The ‘progression’ in Currin’s recent work is immediately obvious: from tackling the nude to portraying pornography.  Of the dozen or so new works on display, there’s a 50\50 divide between the explicitly pornographic (i.e. depicting penetration) and those which merely hint at something sleazier taking place just out of shot.  The latter group consists mainly of female portraits, but also includes a crockery still life surely included as a joke.  The teacups are certainly so badly painted that I’d be too afraid of knocking my teeth out to use them.

The meat of the work lies in confronting low-brow lust lifted from mass media and painstakingly downloaded in oils.  There’s certainly a small frisson of tension in recognising the texture of the canvas seeping through an image that would more typically be depicted in Ben Day dots or – as is now more likely of course – a primordial swamp of pixels.


As a single trick though, that tension wears off pretty quickly.  Hosted in the Royal Academy instead, well, that would have been something (not least alongside Cranach).  But behind frosted glass for a self-selecting audience of permissive liberals\art fashionistas?  Well, so what? 

That’s not to say the works aren’t well executed – for the most part they are, although I would say most only look 90% complete.  And there’s certainly a market for them – I have little doubt they’ll sell like hot cakes.  It’s just that for all the affected incongruity of gold chains, blue mammarial veins and thick Jamie Oliver tongues, what have I learnt?  Yes, pornography seems as valid an artistic concern as any other in our age; maybe even more so given the unique influence the internet has had on an age old form and function.  But if you were after a thought-provoking exploration of the subject, then I just hope you didn’t miss the Barbican’s Seduced when it was around.

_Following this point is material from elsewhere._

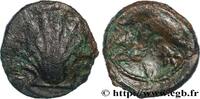 FRANCE Sextans à la coquille et au dauphin HISPANIA - ARSE SAGUNTO (Province de Valence) Arsé Sagunto c. 150/120 AC. (13mm, 1,47g, 1h) -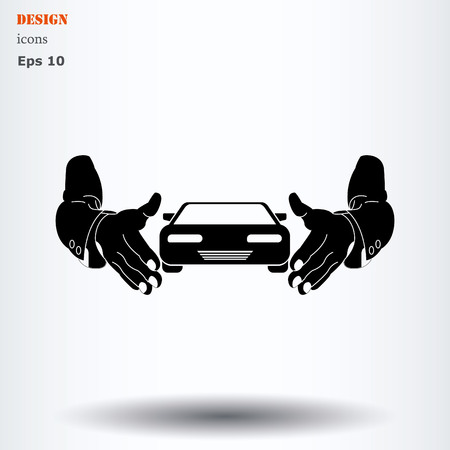 car iconのイラスト素材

These works are set in an unidentifiable (and insignificant) era of bad fashion, be it the 1970s, early ’90s or the late 2020s, and the strange air of almost-nostalgia that imparts leads to a telling realisation.  This has all been done before – with both sharper bite and warmer humanity – in the film Boogie NightsUltimately, I guess an artist has to make a living too and this batch of works will no doubt keep some bread on the Currin family table.  But when even the artist himself seems to lose interest in his work away from the, ahem, action areas, you’re simply left wondering: so, what’s the point?